ASSIGNED TASK: Within the entries below, please retype exactly the lines starting with the line that has "Euthalia monina monina" and going on through the line that has "Terrenos Para Proyecto", but not the pictures.

INFORMATION GIVEN:
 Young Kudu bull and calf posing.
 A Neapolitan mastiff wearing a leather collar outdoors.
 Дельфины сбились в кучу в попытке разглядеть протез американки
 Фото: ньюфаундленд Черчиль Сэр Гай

--

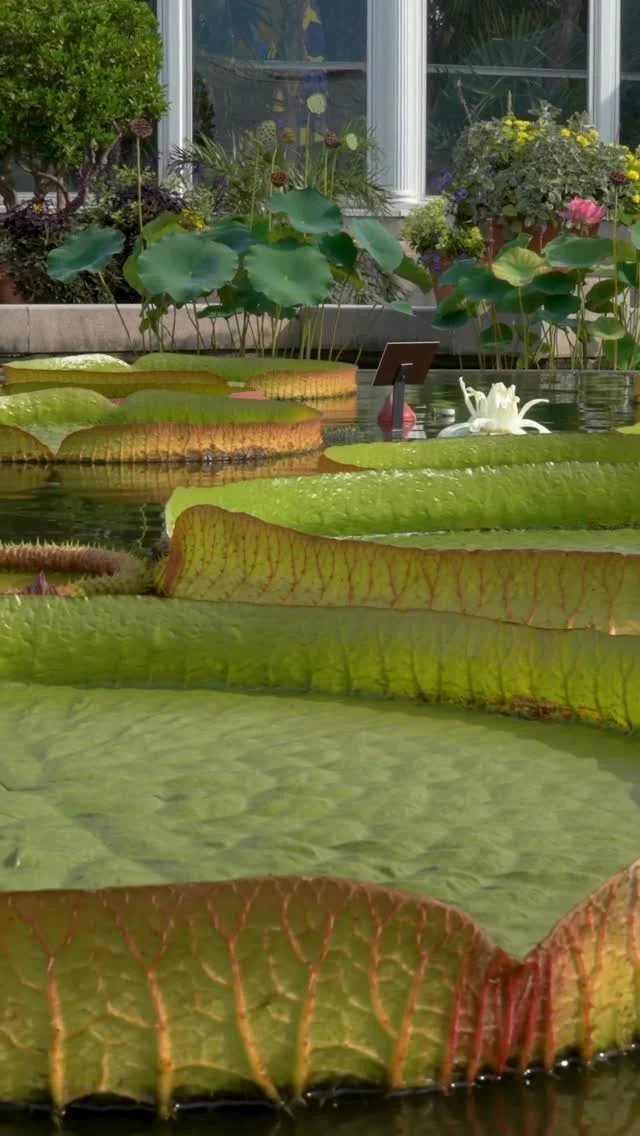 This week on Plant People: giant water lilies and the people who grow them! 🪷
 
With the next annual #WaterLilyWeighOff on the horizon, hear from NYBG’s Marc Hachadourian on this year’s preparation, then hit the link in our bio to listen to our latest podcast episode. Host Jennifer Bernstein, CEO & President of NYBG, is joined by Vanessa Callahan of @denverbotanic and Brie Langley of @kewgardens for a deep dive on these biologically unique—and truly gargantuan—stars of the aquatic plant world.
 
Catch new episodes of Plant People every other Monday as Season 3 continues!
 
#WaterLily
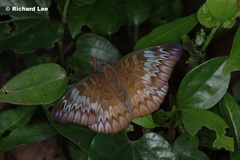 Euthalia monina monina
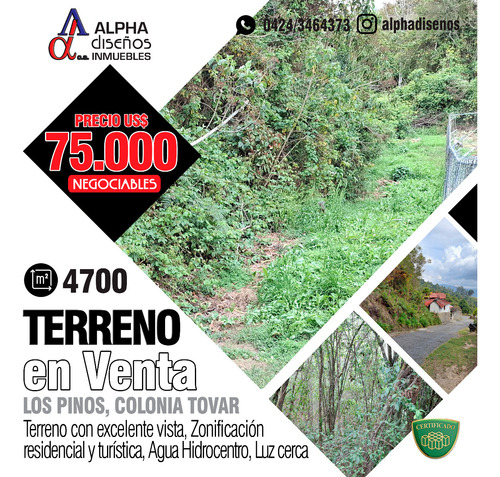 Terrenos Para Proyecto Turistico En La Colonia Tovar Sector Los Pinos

PROBLEM SOLUTION:
 Euthalia monina monina
 Terrenos Para Proyecto Turistico En La Colonia Tovar Sector Los Pinos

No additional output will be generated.